For those not familiar with Pashley, they are an English manufacturer and have been making traditional bicycles since 1926, specialising in transport cycles and classic English roadsters.
A close-up of the Pashley headbadge.
This is a traditionally lugged and brazed handbuilt frame. The frame is powder-coated and the paintjob is very durable (a powder coated finish will scratch and scuff, whereas a liquid-coated finish will chip). The Princess is available in two colours: "Buckingham Black" and "Regency Green." I chose the green, because it seemed to have a stronger personality, and because I generally like green bicycles. The shade is a dark and subdued "British racing green".
Pashley bicycles are made in Stratford-upon-Avon, England. Some cool photos of their factory, including the brazing process, can be viewed here.
As mentioned earlier, many customisations have been done to this bicycle. Here they are, not at all in the order of importance or magnitude:
Dress-guards: We replaced the standard dressguard pictured here with a netted dress-guard I bought in Germany. I wanted a dressguard that resembled latticed wroght iron rather than transparent plastic. This one certainly does. It also covers more of the wheel than the original dressguard.
Here is a close-up of the netting over the chaincase...
... and around the opening for the "O-Lock". The O-Lock is a European locking system that locks the rear wheel, making the bicycle impossible to be ridden away by a thief. In most areas in the US, it is probably prudent to use this for supplementary purposes only.
Kickstand: We replaced the standard Princess kickstand with the Pletscher Twin-Legger, which provides support on both sides of the bicycle and lifts either the back or the front wheel off the ground (you can adjust the balance to determine which).
Not all bicycles will accommodate this kickstand, but the Princess has a special braze-on below the bottom bracket for this purpose.
Grips: We replaced the standard Raleigh-style plastic grips with Brooks leather washer grips in brown. These are probably the most comfortable handlebar grips I have ever tried: They provide just the right amount of texture, softness, suppleness and durability. And they look gorgeous!
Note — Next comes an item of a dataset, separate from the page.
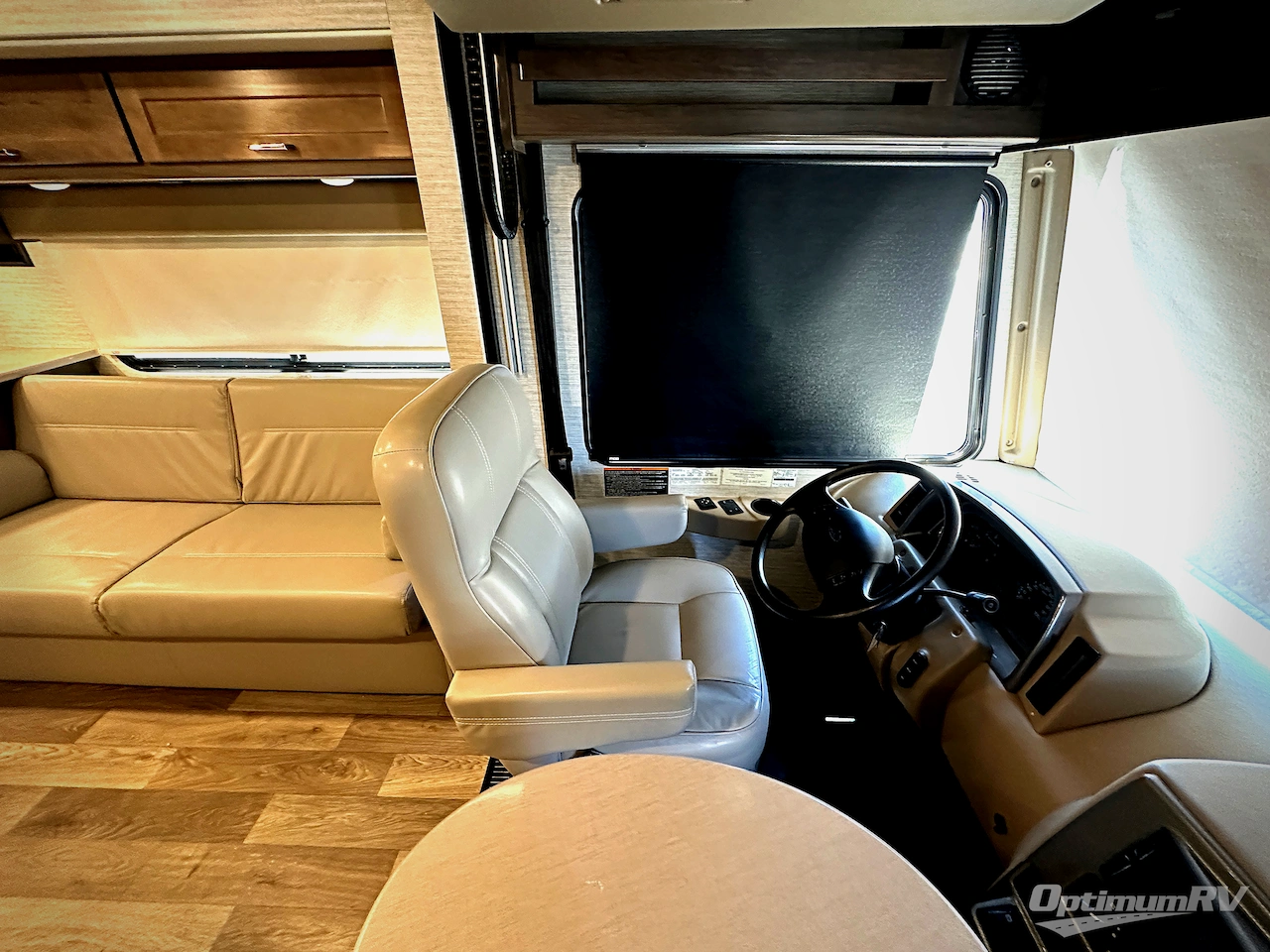 2019 Winnebago Sunstar 29VE Photo 4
Gearing and Brakes: But wait, what's this next to the right grip? The Princess Sovereign comes with a Sturmey Archer 5-speed hub. Mine has been replaced with a 7-speed Shimano Nexus coasterbrake hub (and yes, the gear-shifter has been twined and shellacked). This is by far the most dramatic customisation, and I cannot thank Harris Cyclery enough for doing such an amazing job.
I wanted a coaster brake on the back wheel instead of the (hand-operated) drum brake that Pashley bicycles normally come with. Most people would have been glad to have the standard hand-operated brake option, but I wanted a coaster brake due to some problems with the nerves in my right hand. I can operate a hand-brake, but in stop-and-go traffic a coaster brake is more comfortable.
To accommodate this, the wheelbuilder at Harris Cyclery rebuilt the back wheel of the bicycle. This was done so impeccably, that it looks stock and absolutely flawless. I also asked Harris to set the gears lower, to make it easier to climb hills. They used a 23-tooth cog, which provided the lowest setting possible, given the enclosed chaincase. The 2 extra gears that came with the Nexus hub were pretty helpful in the hill-climbing aspect as well!
The front wheel retained the original Sturmey Archer hub dynamo/drum brake.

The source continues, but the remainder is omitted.